Trinationale Symbolpolitik


Rund 50.000 Menschen haben am Sonntag eine 90 Kilometer lange Menschenkette vom Atomkraftwerk Tihange durch die belgische Stadt Lüttich zur niederländische Stadt Maastricht und von dort weiter zur deutschen Grenzstadt Aachen gebildet. Die Beteiligten protestierten damit gegen den Weiterbetrieb des belgischen Akw, in dessen Druckbehälter Tausende Risse entdeckt worden waren und das somit ein akutes Sicherheitsrisiko darstellt. Jeder Tag, an dem der Meiler in Betrieb ist, kann ein Tag zuviel sein.

Strahlenfreisetzungen durch havarierte Kernkraftwerke machen nicht vor nationalen Grenzen halt. Insofern wären die Menschen in Deutschland und den Niederlanden von einem GAU in einem belgischen Akw nicht weniger betroffen als die dortige Bevölkerung, zumal sie in der Hauptwindrichtung wohnen. Ein grenzüberschreitender Protest gegen das Akw Tihange und das ebenfalls marode belgische Akw Doel ist allemal legitim. Eigentlich sollten die Reaktoren Tihange 2 und Doel 3 schon vor zwei Jahren abgeschaltet werden, doch aufgrund von störfallbedingten Ausfallzeiten erhielten sie Betriebsgenehmigungen bis mindestens 2022.

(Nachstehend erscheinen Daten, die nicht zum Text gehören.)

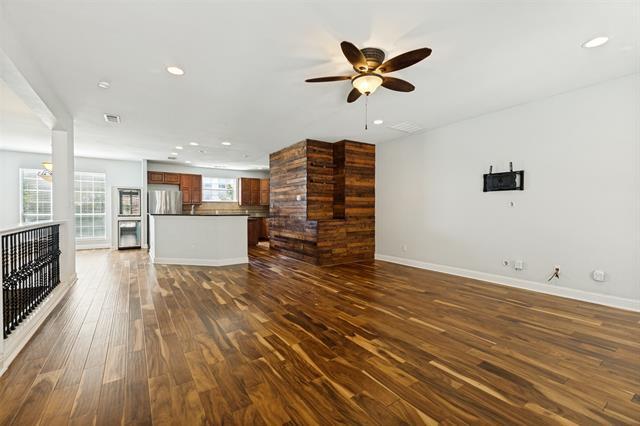 4002 Brownstone Ct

An medialer Aufmerksamkeit für die Menschenkette hat es nicht gemangelt, die Organisatoren haben ihr Etappenziel erreicht. Wie die belgische Politik darauf reagiert, steht auf einem anderen Blatt. Die Organisatoren, das sind neben lokalen, nationalen und internationalen Umweltschutz- bzw. Anti-Akw-Organisationen auch etwa 100 Städte und Gemeinden. Die Schirmherrschaft hatten, abgesehen vom belgischen Schauspieler Bouli Lanners, der Aachener Oberbürgermeister Marcel Philipp, der Präsident der Städteregion Aachen, Helmut Etschenberg (beide CDU), und die parteilose Kölner Oberbürgermeisterin Henriette Reker übernommen. Der designierte nordrhein-westfälische Ministerpräsident Armin Laschet (CDU) hat sich an die Bewegung angehängt, nahm nicht selbst an der Menschenkette teil, doch forderte er zur Teilnahme auf. Er erwarte, "dass auch der Bund stärker als bisher auf die belgische Regierung einwirkt und auf eine Stilllegung der Reaktoren dringt". [1]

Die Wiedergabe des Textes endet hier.